How to update pyspark dataframe metadata on Spark

2019-08-18 21:15发布

问题:

I'm facing an issue with the OneHotEncoder of SparkML since it reads dataframe metadata in order to determine the value range it should assign for the sparse vector object its creating.

More specifically, I'm encoding a "hour" field using a training set containing all individual values between 0 and 23.

Now I'm scoring a single row data frame using the "transform" method od the Pipeline.

Unfortunately, this leads to a differently encoded sparse vector object for the OneHotEncoder

(24,[5],[1.0]) vs. (11,[10],[1.0])

I've documented this here, but this was identified as duplicate.
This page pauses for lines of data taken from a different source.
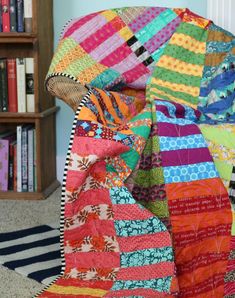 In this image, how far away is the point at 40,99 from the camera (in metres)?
2.79

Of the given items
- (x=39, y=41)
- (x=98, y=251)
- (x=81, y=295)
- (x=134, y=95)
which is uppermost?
(x=39, y=41)

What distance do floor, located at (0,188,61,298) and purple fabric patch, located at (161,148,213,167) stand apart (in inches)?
20.5

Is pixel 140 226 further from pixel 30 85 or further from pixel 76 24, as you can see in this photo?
pixel 30 85

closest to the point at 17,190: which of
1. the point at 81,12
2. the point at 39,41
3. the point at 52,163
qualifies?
the point at 52,163

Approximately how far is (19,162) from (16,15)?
2.17 feet

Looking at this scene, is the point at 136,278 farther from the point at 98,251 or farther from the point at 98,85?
the point at 98,85

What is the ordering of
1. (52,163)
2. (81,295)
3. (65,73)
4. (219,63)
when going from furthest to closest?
(52,163)
(219,63)
(65,73)
(81,295)

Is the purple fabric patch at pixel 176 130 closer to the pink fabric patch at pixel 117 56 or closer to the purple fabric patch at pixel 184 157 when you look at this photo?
the purple fabric patch at pixel 184 157

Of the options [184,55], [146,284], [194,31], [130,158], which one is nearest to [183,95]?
[184,55]

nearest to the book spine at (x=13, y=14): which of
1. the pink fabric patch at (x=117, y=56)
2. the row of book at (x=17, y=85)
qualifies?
the row of book at (x=17, y=85)

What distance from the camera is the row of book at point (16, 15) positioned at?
273 centimetres

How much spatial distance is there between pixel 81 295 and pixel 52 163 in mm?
1458

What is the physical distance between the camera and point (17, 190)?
2.85 m

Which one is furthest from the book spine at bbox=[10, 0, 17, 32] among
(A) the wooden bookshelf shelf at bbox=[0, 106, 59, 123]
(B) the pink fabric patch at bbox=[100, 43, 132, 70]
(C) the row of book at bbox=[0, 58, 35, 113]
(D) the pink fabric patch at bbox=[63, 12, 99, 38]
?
(B) the pink fabric patch at bbox=[100, 43, 132, 70] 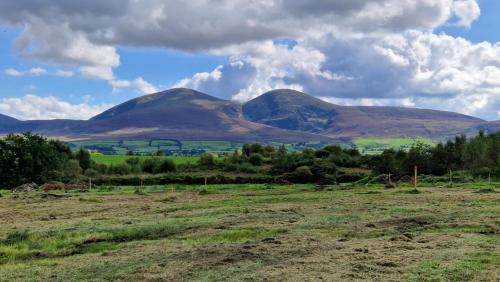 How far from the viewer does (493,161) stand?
73.4m

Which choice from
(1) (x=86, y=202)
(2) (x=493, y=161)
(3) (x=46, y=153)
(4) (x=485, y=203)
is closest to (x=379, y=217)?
(4) (x=485, y=203)

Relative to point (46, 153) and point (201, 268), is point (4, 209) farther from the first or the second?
point (46, 153)

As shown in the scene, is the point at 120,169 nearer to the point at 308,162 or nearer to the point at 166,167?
the point at 166,167

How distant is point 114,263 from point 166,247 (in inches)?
122

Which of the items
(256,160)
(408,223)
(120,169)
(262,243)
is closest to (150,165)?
(120,169)

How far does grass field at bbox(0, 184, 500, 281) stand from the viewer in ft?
49.5

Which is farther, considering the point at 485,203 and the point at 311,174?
the point at 311,174

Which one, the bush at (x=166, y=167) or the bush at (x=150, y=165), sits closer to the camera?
the bush at (x=166, y=167)

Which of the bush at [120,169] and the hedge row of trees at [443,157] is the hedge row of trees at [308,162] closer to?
the hedge row of trees at [443,157]

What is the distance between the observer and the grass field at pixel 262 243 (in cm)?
1509

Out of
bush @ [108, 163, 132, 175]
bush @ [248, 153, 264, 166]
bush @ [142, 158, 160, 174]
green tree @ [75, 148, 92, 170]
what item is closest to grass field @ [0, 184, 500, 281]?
bush @ [108, 163, 132, 175]

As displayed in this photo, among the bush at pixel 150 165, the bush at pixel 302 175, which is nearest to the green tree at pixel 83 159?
the bush at pixel 150 165

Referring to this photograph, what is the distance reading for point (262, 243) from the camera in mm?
19828

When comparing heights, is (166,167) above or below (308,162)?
below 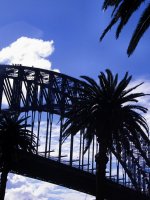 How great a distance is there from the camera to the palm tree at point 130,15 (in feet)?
71.2

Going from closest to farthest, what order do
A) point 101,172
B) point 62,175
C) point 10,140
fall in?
point 101,172
point 10,140
point 62,175

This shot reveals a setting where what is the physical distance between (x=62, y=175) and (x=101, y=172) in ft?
143

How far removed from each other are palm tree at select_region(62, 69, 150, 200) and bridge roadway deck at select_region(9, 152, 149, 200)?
25.8 metres

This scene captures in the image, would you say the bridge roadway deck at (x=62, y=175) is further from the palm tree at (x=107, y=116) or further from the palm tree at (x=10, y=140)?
the palm tree at (x=107, y=116)

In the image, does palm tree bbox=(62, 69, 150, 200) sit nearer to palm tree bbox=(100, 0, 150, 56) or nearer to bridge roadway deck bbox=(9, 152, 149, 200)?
palm tree bbox=(100, 0, 150, 56)

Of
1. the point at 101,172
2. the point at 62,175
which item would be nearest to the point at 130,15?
the point at 101,172

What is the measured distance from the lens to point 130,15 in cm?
2220

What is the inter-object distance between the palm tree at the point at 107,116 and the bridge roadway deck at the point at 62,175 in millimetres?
25813

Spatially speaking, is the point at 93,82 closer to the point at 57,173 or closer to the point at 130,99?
the point at 130,99

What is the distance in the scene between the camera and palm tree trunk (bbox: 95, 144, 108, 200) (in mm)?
35531

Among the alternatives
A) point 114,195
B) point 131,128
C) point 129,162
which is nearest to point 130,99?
point 131,128

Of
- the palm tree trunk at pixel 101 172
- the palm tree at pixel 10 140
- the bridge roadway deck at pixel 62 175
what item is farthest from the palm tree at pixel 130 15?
the bridge roadway deck at pixel 62 175

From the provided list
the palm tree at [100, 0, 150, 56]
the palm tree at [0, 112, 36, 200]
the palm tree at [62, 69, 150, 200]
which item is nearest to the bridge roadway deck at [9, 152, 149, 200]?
the palm tree at [0, 112, 36, 200]

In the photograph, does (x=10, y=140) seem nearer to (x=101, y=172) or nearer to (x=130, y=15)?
(x=101, y=172) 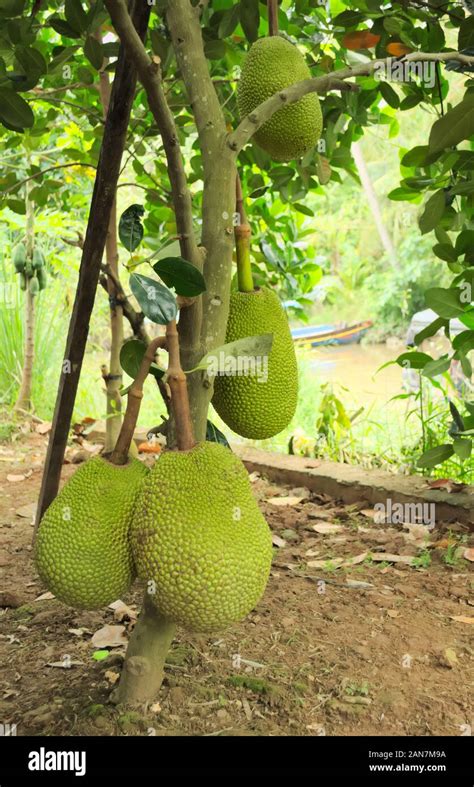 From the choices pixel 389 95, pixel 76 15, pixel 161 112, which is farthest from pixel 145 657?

So in this thread there is a solution posted to update the dataframes's metadata to reflect the real range of the "hour" field:

from pyspark.sql.functions import col

meta = {"ml_attr": {
    "vals": [str(x) for x in range(6)],   # Provide a set of levels
    "type": "nominal", 
    "name": "class"}}

loaded.transform(
    df.withColumn("class", col("class").alias("class", metadata=meta)) )

Unfortunalely I get this error:

TypeError: alias() got an unexpected keyword argument 'metadata'

回答1:

In PySpark 2.1, the alias method has no argument metadata (docs) - this became available in Spark 2.2; nevertheless, it is still possible to modify column metadata in PySpark < 2.2, thanks to the incredible Spark Gotchas, maintained by @eliasah and @zero323:

import json

from pyspark import SparkContext
from pyspark.sql import Column
from pyspark.sql.functions import col

spark.version
# u'2.1.1'

df = sc.parallelize((
        (0, "x", 2.0),
        (1, "y", 3.0),
        (2, "x", -1.0)
        )).toDF(["label", "x1", "x2"])

df.show()
# +-----+---+----+ 
# |label| x1|  x2|
# +-----+---+----+
# |    0|  x| 2.0|
# |    1|  y| 3.0|
# |    2|  x|-1.0|
# +-----+---+----+

Supposing that we want to enforce the possibility of our label data to be between 0 and 5, despite that in our dataframe are between 0 and 2, here is how we should modify the column metadata:

def withMeta(self, alias, meta):
    sc = SparkContext._active_spark_context
    jmeta = sc._gateway.jvm.org.apache.spark.sql.types.Metadata
    return Column(getattr(self._jc, "as")(alias, jmeta.fromJson(json.dumps(meta))))

Column.withMeta = withMeta

# new metadata:
meta = {"ml_attr": {"name": "label_with_meta",
                    "type": "nominal",
                    "vals": [str(x) for x in range(6)]}}

df_with_meta = df.withColumn("label_with_meta", col("label").withMeta("", meta))

Kudos also to this answer by zero323!